But each time they raised a sign, someone would grab it out of their hands, the two Huntington residents said. And sometimes it got physical.
"I expected some people to take our signs," said Louis, 12. "But I did not expect people to practically attack us."
The two said they didn't go to the Friday morning rally to start trouble.
"I came to support Bush and try to change some people's minds," Louis said.
Gore's West Virginia campaign said Bush-Cheney signs were not welcome, but physical confrontations to eliminate them would not have been condoned.
Parlock, a real estate agent, thought it would be at least as educational for his son to spend the morning at the Gore rally as it would have been to spend the day at school. So the two got in the car and drove from Huntington, arriving in Charleston about 9 a.m.
Parlock said he was a volunteer for the Bush-Cheney campaign. He is listed on the West Virginia Bush-Cheney Web site as the Cabell County contact for the campaign.
But he said he came as a supporter, not a campaign worker. His visit to Charleston was "unencouraged and unsanctioned," he said. The idea was to show that there was another option besides Gore.
"My opinion of the press is it always shows the liberal viewpoint," he said. "And we have to struggle to show the other side exists."
He and Louis brought a supply of Bush-Cheney signs and smuggled them into the rally. They stuffed plastic ones in their socks and pockets and folded paper ones inside Gore-Lieberman signs.
Though tickets to the event specifically said no signs would be allowed in, Parlock said he walked right in with the Gore-Lieberman signs. He said people who carried Bush-Cheney signs openly were not allowed to bring them inside.
Parlock and his son, clad in white button-down shirts and ties, took their place in front of the Capitol steps and waited. As the rally got going, they started raising their signs and people immediately began stealing them, Parlock said.
"Three guys came up and squeezed me in and one grabbed my arms and pulled them down and another took the sign," Parlock said.
"Another guy came up and tried to grab the sign but I had a good hold of it and he stumbled and bumped into other people and started a ruckus," he said. Parlock said the police ejected the man from the rally.
Police said Friday evening they could not yet comment on any incidents at the rally.
Parlock said a group of people wearing T-shirts and jackets with the United Mine Workers of America logo took away many of their signs.
"I didn't see anything like that," said Ted Hapney, an international representative for the United Mine Workers. "I wouldn't do that. We don't condone any type of violence."
Another incident involved Louis and a teenage girl he and Parlock said they met at the rally. They said they didn't know who she was.
"She walked up and said 'I'll get on your shoulders and hold a sign,' " Louis said.
While she was sitting on Louis' shoulders waving a Bush-Cheney sign, a man who identified himself as a volunteer for the Gore campaign tried to pull the sign out of the girl's hands, Parlock said. He pulled so hard that Louis and the girl fell over.
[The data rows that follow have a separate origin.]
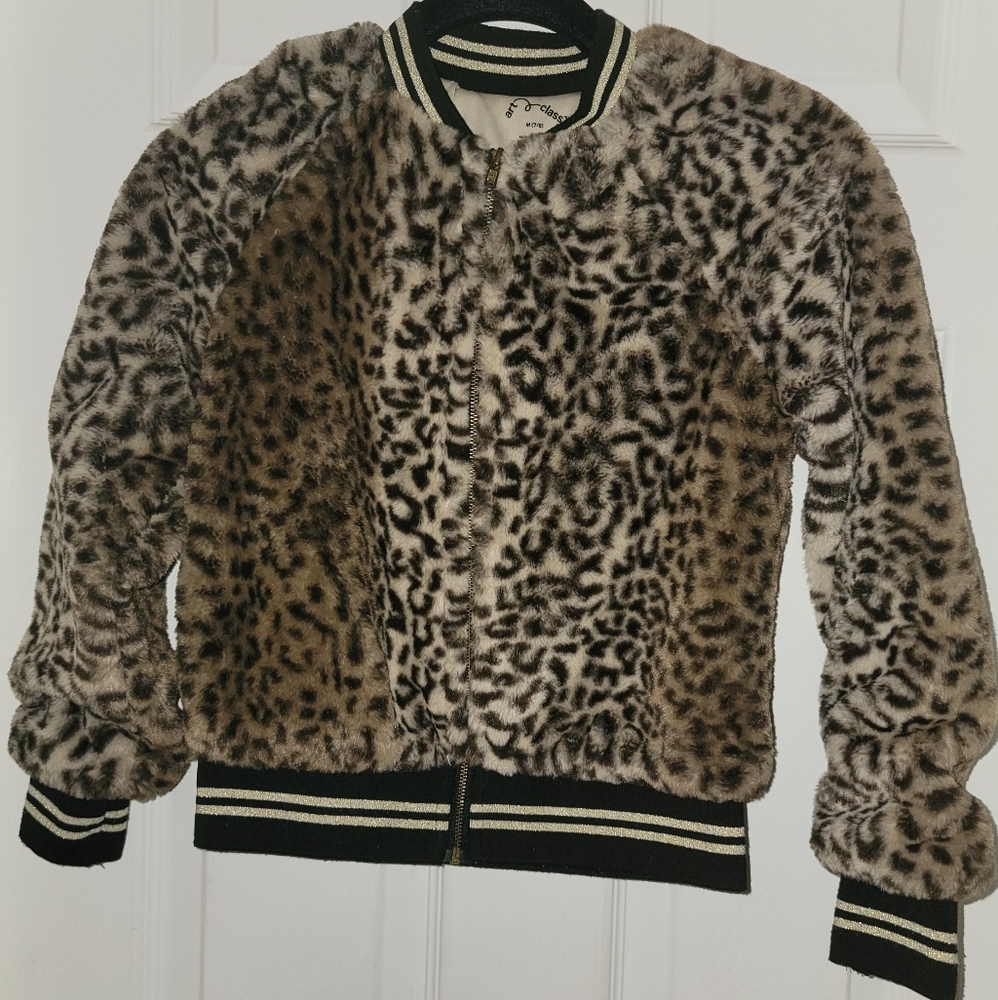 art class Faux Fur Leopard Jacket M Like New!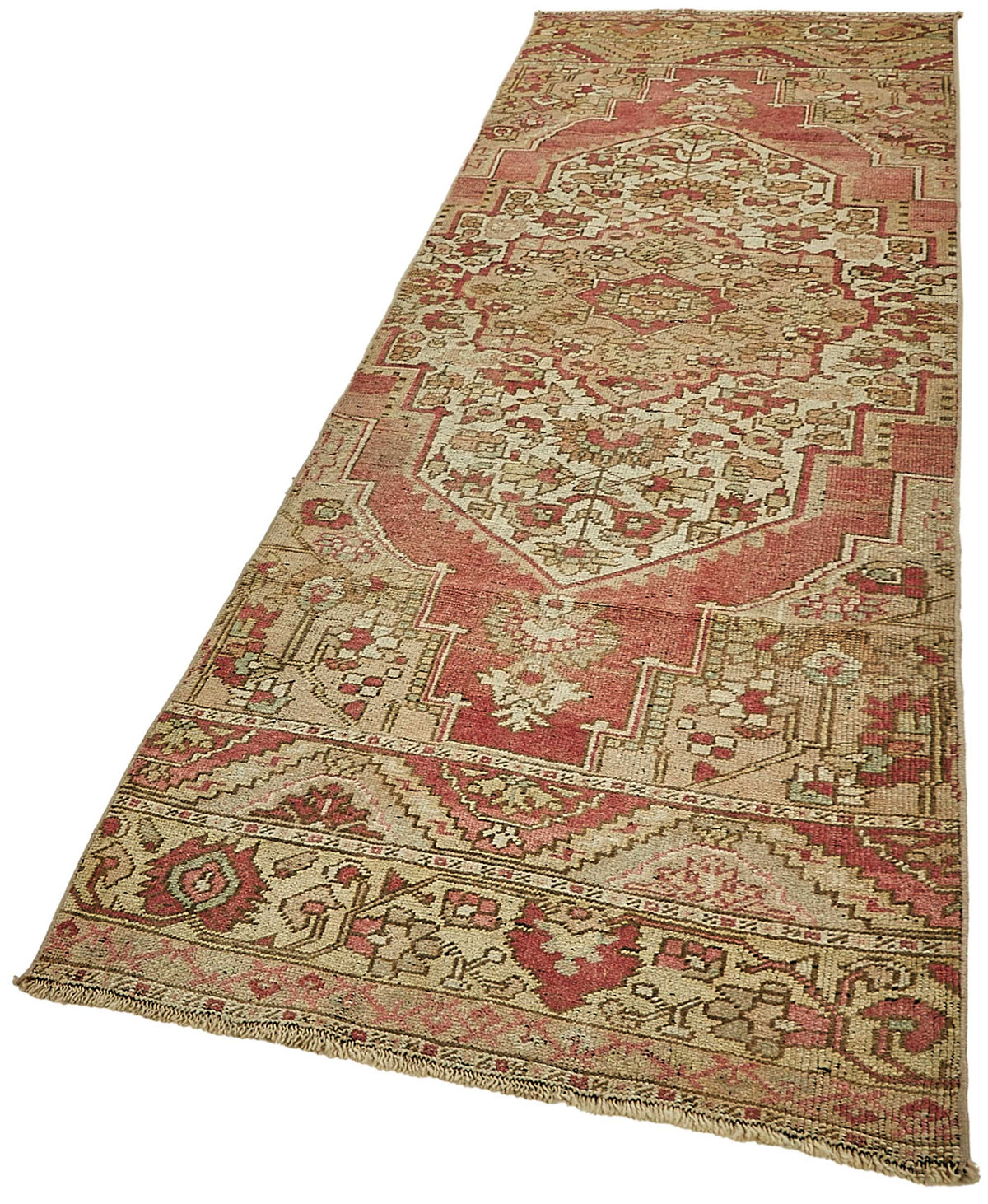 Kovena Anadolu Kırmızı Yolluk Madalyon Desenli 92x304 cm 49804 – doku yakın çekim
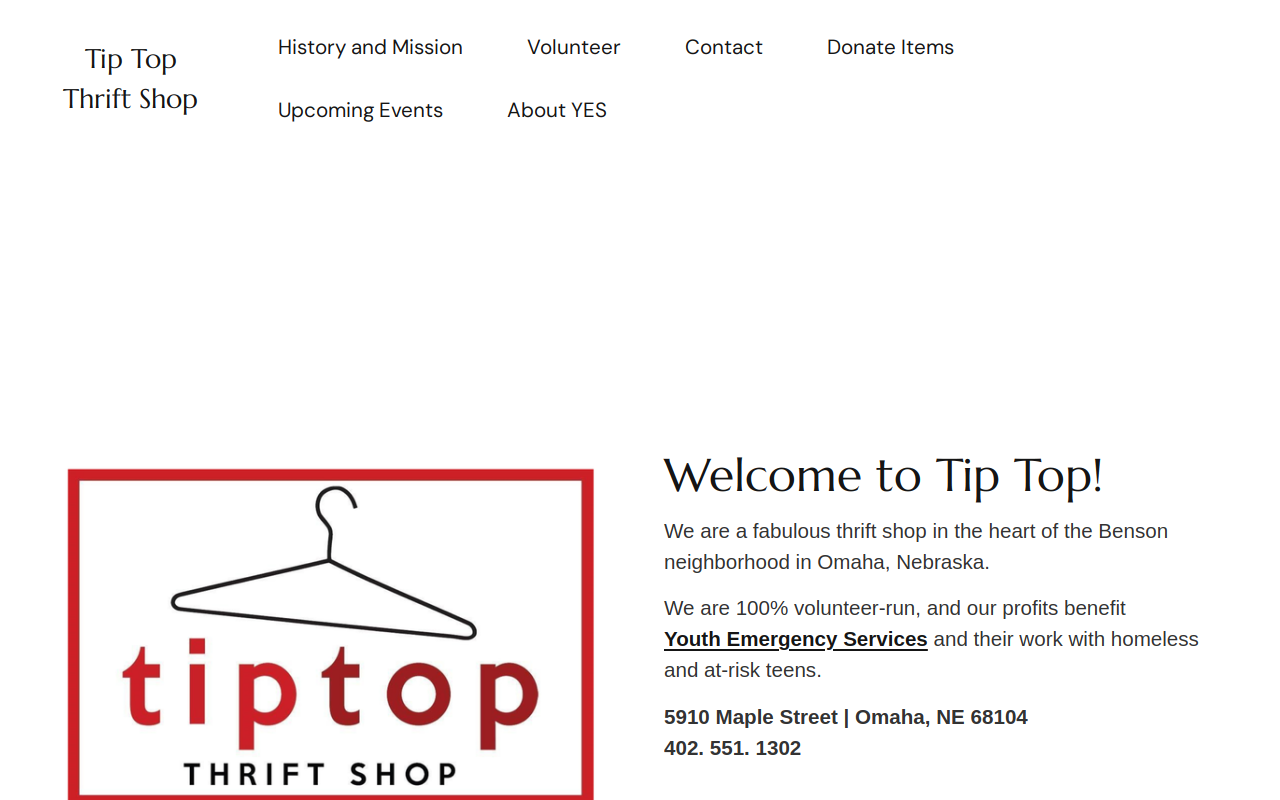 Tip Top Thrift Shop Inc website preview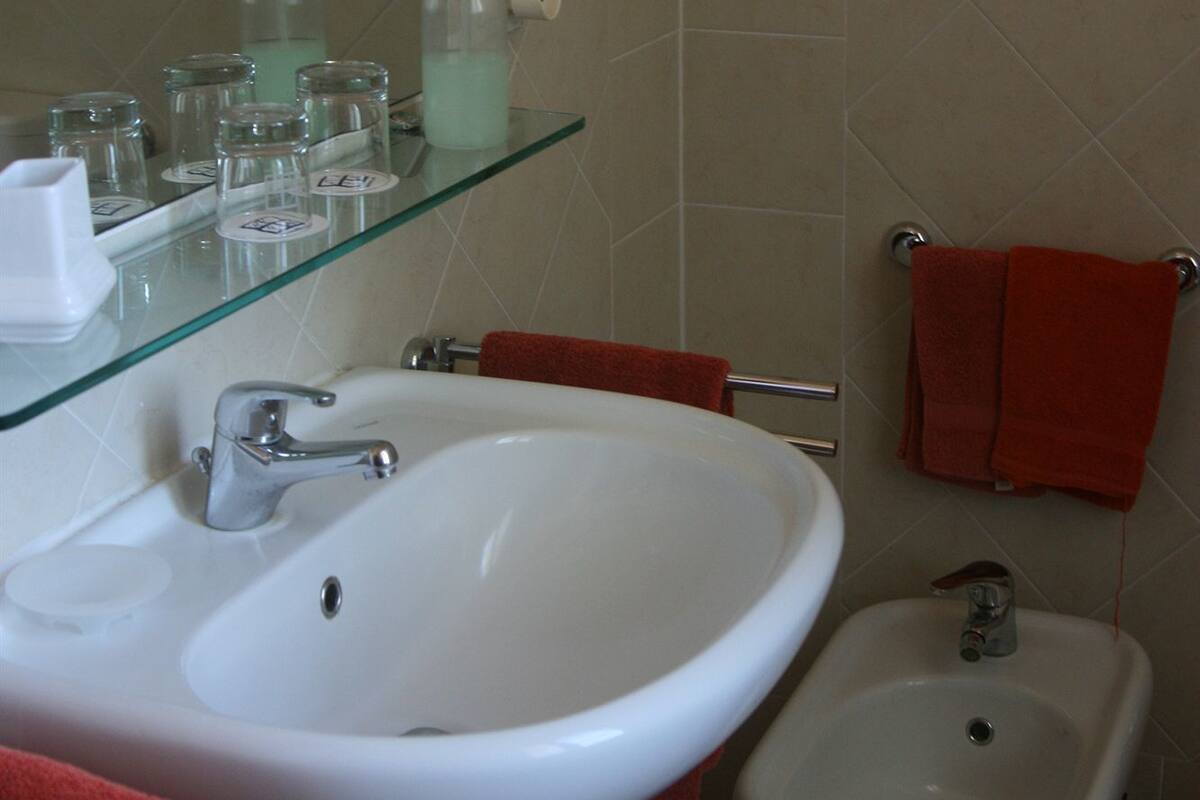 Une salle de bain avec un lavabo blanc, un bidet et une étagère en verre où sont rangés les articles de toilette.
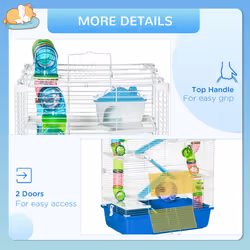 PawHut Hamster Cage w/ Water Bottle, Exercise Wheel, Tubes, Ramps - Blue - Additional view 5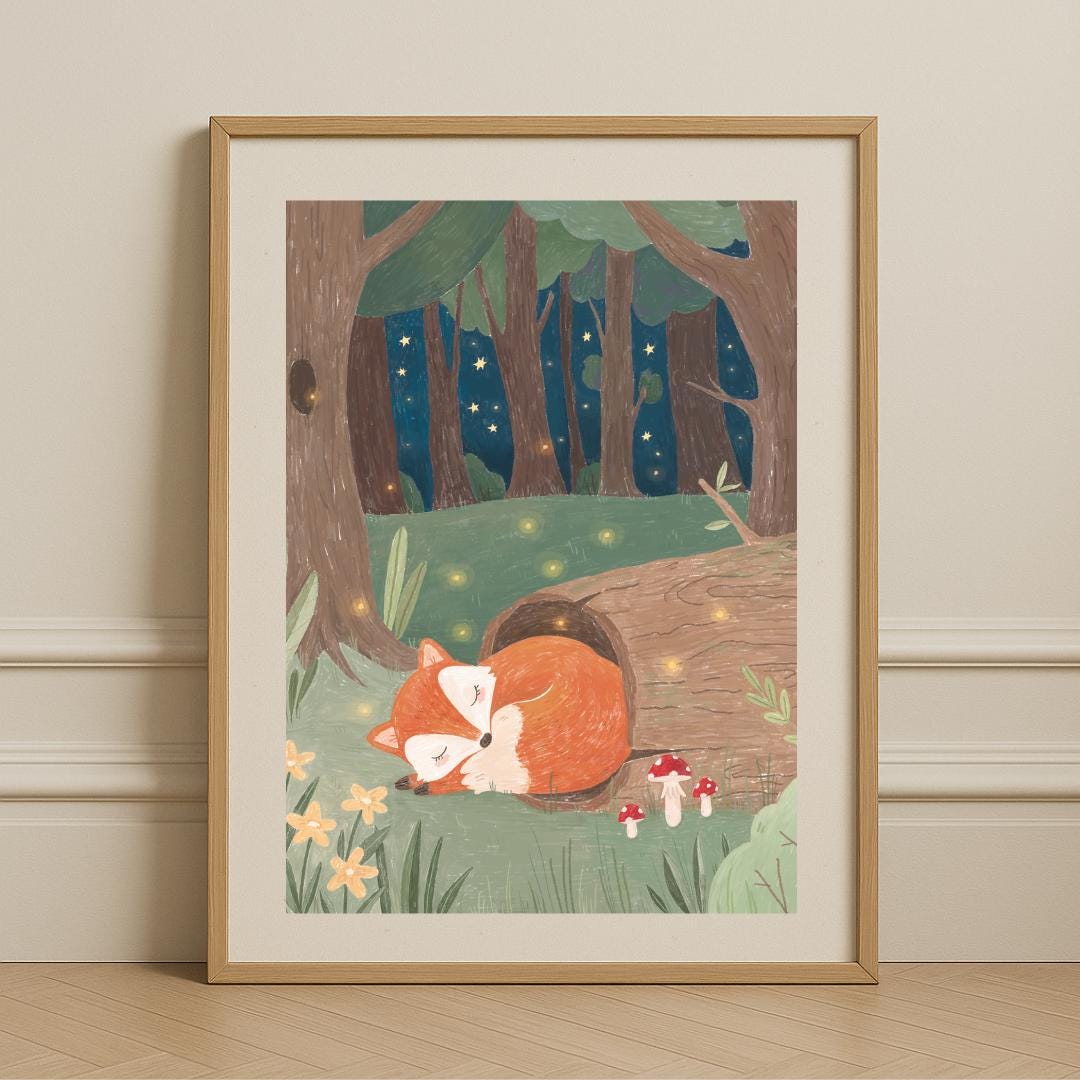 Wald Fuchs Kunstdruck Gemütliche Waldkinderzimmer Dekoration Schlafender Fuchs Illustration Babyzimmer Wandkunst für Kinderzimmer Druckbare Kunst Digitaler Download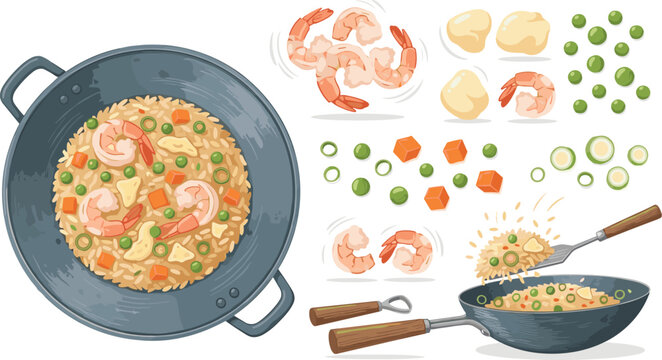 Shrimp Fried Rice Cooking Vector Element Set Featuring Wok Pan Deconstructed Ingredients Prawns Scallops Green Peas Diced Carrots Scallions and Spatula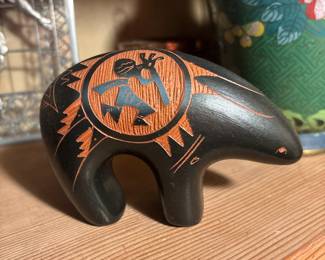 Mitchell Blackhorse Red Clay Etched Navajo Pottery Medicine Bear Figurine
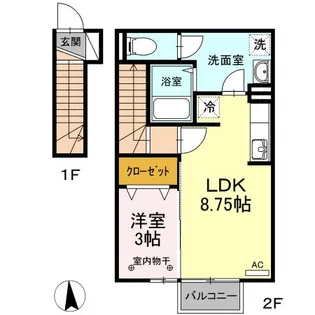 カエツリアルフィールドDーroom B【2階】の間取り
"That sounds like an exaggeration," said Sarah Feinberg, spokeswoman for Gore's West Virginia campaign.
Parlock said the man was wearing a yellow pass around his neck. Feinberg said the color for a volunteer pass would be orange, while yellow passes were given to members of the press.
"We certainly don't have a policy of ripping signs out of people's hands," said Feinberg. "If someone brings a Bush-Cheney sign, we don't like it but we don't go to great lengths to obscure."
Parlock said after all his signs were stolen, he got some more from a group of Bush supporters who had not been allowed into the rally.
Though police said they were not ready to make official comment Friday evening, earlier Friday an officer said he had seen a scuffle during the rally.
Charleston Police Patrolman R.H. Vinyard said the incident involved people with Bush-Cheney signs, though he could not identify them by name. He said Gore supporters got into a fight with the Bush supporters about 10 minutes before the end of Gore's speech.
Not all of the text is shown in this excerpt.